The biggest decision on the offensive side of the ball will be whether to re-sign right tackle Andre Smith, who is coming off his best season as a pro.
“There’s going to be more than one team in the league that’s going to offer him premiere right tackle money,” Lapham said. “They have to decide if they want to match that kind of an offer or spend it elsewhere. Can they play Andre and still play the other guys they want to pay and extend Geno and all the other things they’d like to get done?”
Another big question on offense involves Bernard Scott. The Bengals were counting on him to be the speed complement to BenJarvus Green-Ellis’ power this season, but a wrist injury shelved him early and a knee injury ended his season in October.
With three picks in the first 55 (21, 37 and 55) of the NFL Draft thanks to the Carson Palmer trade, the team could opt to part ways with Scott and go after a dynamic, breakaway runner who can provide the home-run threat the offense has been missing.
“To me the Christmas-type draft would be a safety in the 20s, a running back in the 30s and then after that when you get to the 55 spot, it could be a linebacker, it could be an offensive tackle, it could be a lot of things,” Lapham said. “That Carson Palmer trade is going to be the gift that keeps on giving. If Dre (Kirkpatrick) pans out like they hope, then you get a quality running back to boot that’s going to be around for however many years and be a big factor for you, boy, that would be a heck of a deal for Carson.”
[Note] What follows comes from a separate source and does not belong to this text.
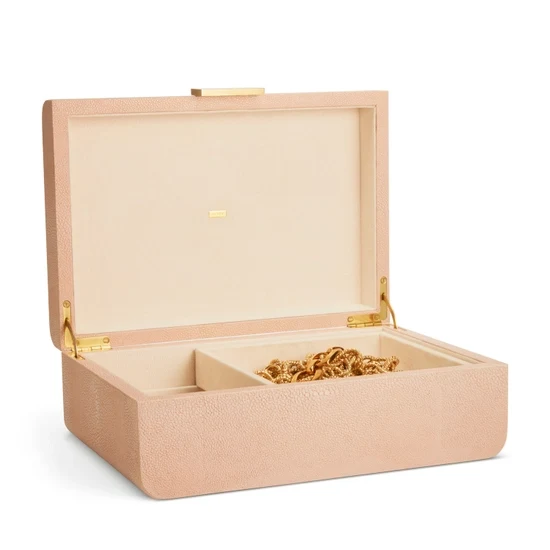 Aerin Shagreen Blush Jewelry Box - Image 3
In addition to filling holes on the roster, the Bengals could be forced to do the same with the coaching staff. Zimmer interviewed for the head coach opening in Cleveland, while offensive coordinator Jay Gruden has interviewed for the opening in Arizona and is scheduled to meet with Philadelphia on Monday. There also are reports San Diego wants to talk to him.
“If guys have opportunities to be head coaches, I’m going to be as supportive as I can,” Lewis said. “I’m happy for them. Hopefully the next people to move into those jobs, if they’re successful enough to move on, will have those same opportunities.
“What’s important for me is that I have to worry about the state of the organization and football team after that point,” he continued. “But I’m going to do everything I can to be as supportive as I can if they have opportunity, and if that’s something they choose to do. That’s the second part of it – sometimes you just don’t choose to do it. I’ve been in that situation myself, where the grass isn’t necessarily always greener.”
Assistant coach Hue Jackson, who has offensive coordinator and head coach experience, would seem to be the natural fit to replace Gruden if he leaves. But Jackson is reportedly being targeted for the offensive coordinator job in Carolina.
It all has the makings for an active offseason, even though the core of the team is solidly in place. As groundbreaking as it has been to make the playoffs two years in a row and three of the last four, the Bengals cannot afford to keep losing in the first round if they want to keep a jaded fan base interested and supportive.
“We’ve got great fans, and they’ve seen a lot of good things over the last two seasons,” Lewis said. “And it will continue to get better and better, I believe. But as I told the guys today, we don’t get to start again where we left off. We’ve got to do incredible work and get after it. We’ve laid some good pillars, some beams down, some foundations and spikes, and that’s a good thing. We’ll continue to enhance the football team. We’ll continue to get better.”